18時55分、前作のタイトル曲「アラウンド・ザ・ワールド・イン・ア・デイ」でライブは幕を開けた。が、実際には曲が始まっても幕は閉じたままでプリンスの姿は見えなかった。これがまた場内の興奮をいやが上にも高めた。2コーラスめになっても幕が開かずこの曲はこのままなのかと思った矢先、間奏に突入すると同時に幕が開き、『パレード』のジャケットと同じコスチュームのプリンスがシャウトと共に現れ、軽快なダンスを見せた。
その瞬間、総立ちだった周りの観客は皆歓声を上げながら椅子の上に立ったのである。アリーナ後方でただでもステージが見辛く、この席を譲ってくれた女性達の気持ちがよく分かったのだが、いよいよ何も見えなくなってしまい僕らも椅子の上に立たざるを得なかった。曲は『パレード』のオープニングナンバー「クリストファー・トレイシーのパレード」そして「ニュー・ポジション」とメドレーで続いたが、この間皆椅子の上に立ち続け、足許が不安定な中身体を揺らし声を上げた。

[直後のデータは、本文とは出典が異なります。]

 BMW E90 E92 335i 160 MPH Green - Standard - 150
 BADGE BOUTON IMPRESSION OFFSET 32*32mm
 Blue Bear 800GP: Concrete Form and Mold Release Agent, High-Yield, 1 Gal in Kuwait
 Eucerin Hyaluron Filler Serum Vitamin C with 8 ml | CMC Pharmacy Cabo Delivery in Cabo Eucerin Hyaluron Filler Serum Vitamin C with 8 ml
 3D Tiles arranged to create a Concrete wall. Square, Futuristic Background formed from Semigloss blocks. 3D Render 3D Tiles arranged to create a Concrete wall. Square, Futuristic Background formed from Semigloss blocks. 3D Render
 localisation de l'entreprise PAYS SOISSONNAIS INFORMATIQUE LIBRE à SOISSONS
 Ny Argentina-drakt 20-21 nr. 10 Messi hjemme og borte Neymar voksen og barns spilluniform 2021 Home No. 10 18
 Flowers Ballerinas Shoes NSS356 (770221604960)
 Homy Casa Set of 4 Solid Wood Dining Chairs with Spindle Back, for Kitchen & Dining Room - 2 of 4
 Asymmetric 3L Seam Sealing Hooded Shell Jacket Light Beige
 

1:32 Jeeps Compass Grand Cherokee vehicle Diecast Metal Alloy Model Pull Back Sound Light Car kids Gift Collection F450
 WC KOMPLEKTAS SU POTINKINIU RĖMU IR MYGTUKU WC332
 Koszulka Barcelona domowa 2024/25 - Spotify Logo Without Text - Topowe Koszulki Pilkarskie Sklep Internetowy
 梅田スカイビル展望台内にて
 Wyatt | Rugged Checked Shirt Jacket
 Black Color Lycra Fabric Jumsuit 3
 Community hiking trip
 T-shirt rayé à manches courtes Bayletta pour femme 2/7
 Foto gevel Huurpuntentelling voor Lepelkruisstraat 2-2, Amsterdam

続くスローな「アイ・ワンダー・ユー」で漸く係員に制され皆椅子から降りたのだが、後にも先にもこんなに混沌としたオープニングは無かった。このライブが歴史的なものになるのはこの時既に約束されていたのである。もちろん、風吹く中でプリンスがギターをかき鳴らした最後の曲「パープル・レイン」も、多くの人が語るように30年経った今でも鮮明に覚えている。
僕らは間違い無く歴史を目撃したのだ。そして翌9日のコンサートは、奇しくもザ・レヴォリューション最後のコンサートとなっている。伝説は完成した。